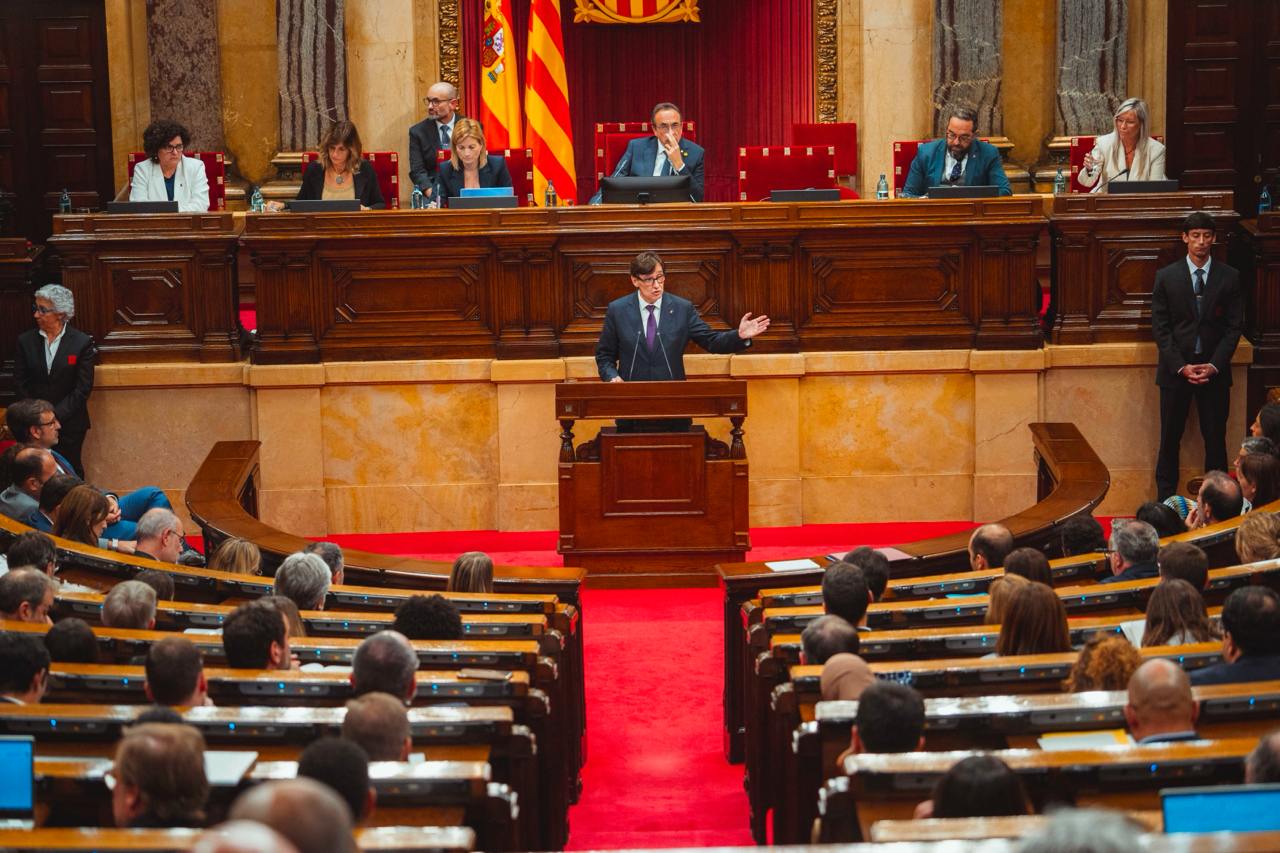 El president de la Generalitat, Salvador Illa, ha obert el primer debat sobre l'orientació política general del Govern d'aquesta legislatura. (Fotografia: Arnau Carbonell)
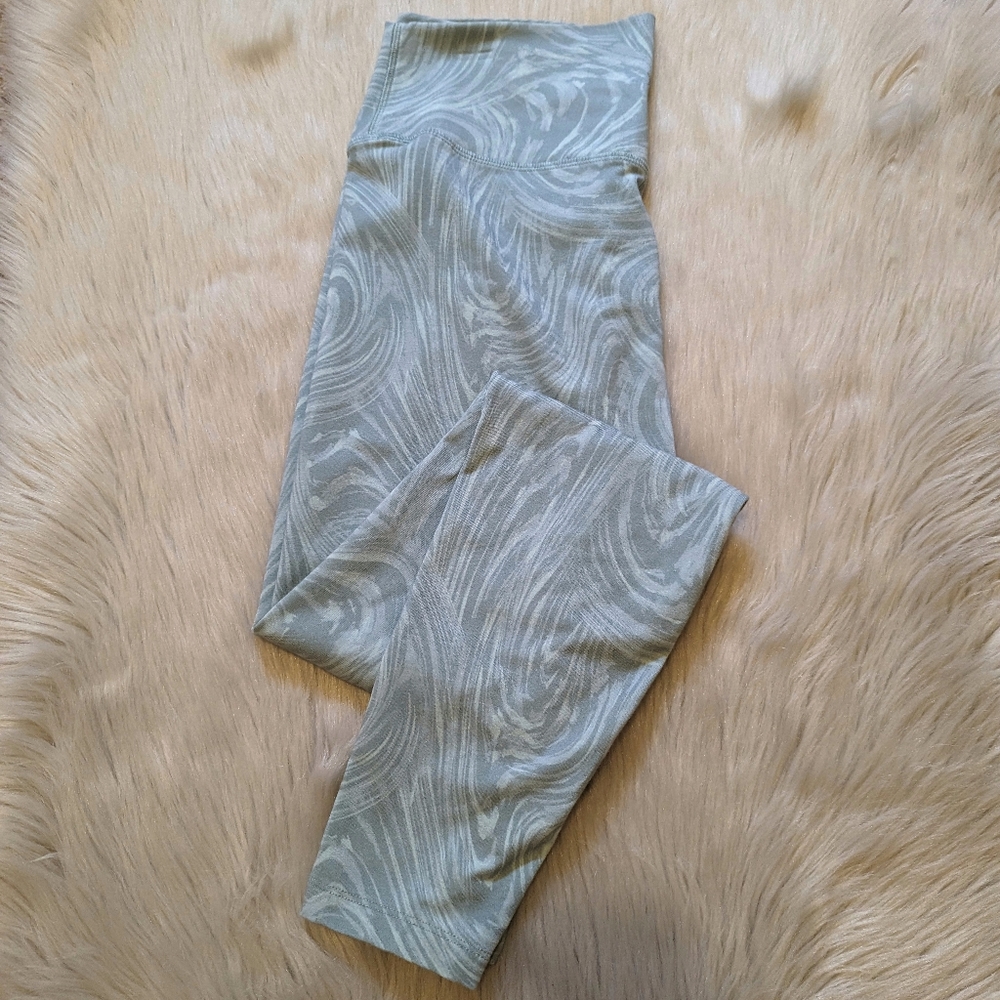 Old Navy Active pale blue swirl print leggings size L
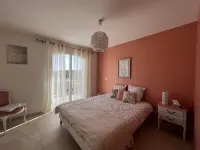 Bastide sleeps 13 - Padel Hotels near Shrine of Our Lady of Graces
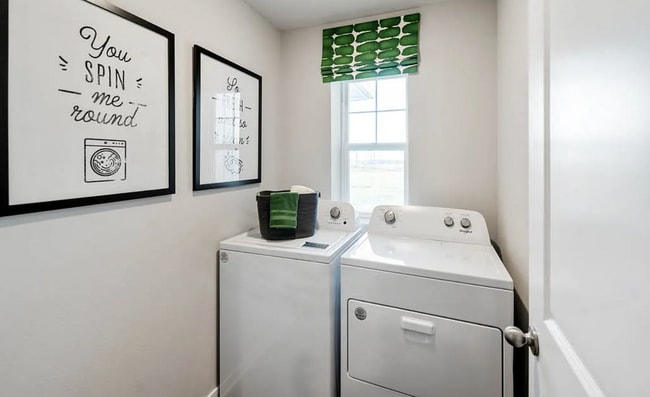 Building Photo - 2569 SE Hawkins Ave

* EXERCISE INSTRUCTIONS: The line containing "Old Navy Active" and every line after it, up to the last line of the data, should be returned exactly, without the pictures.

* RESPONSE AREA:
 Old Navy Active pale blue swirl print leggings size L
 Bastide sleeps 13 - Padel Hotels near Shrine of Our Lady of Graces
 Building Photo - 2569 SE Hawkins Ave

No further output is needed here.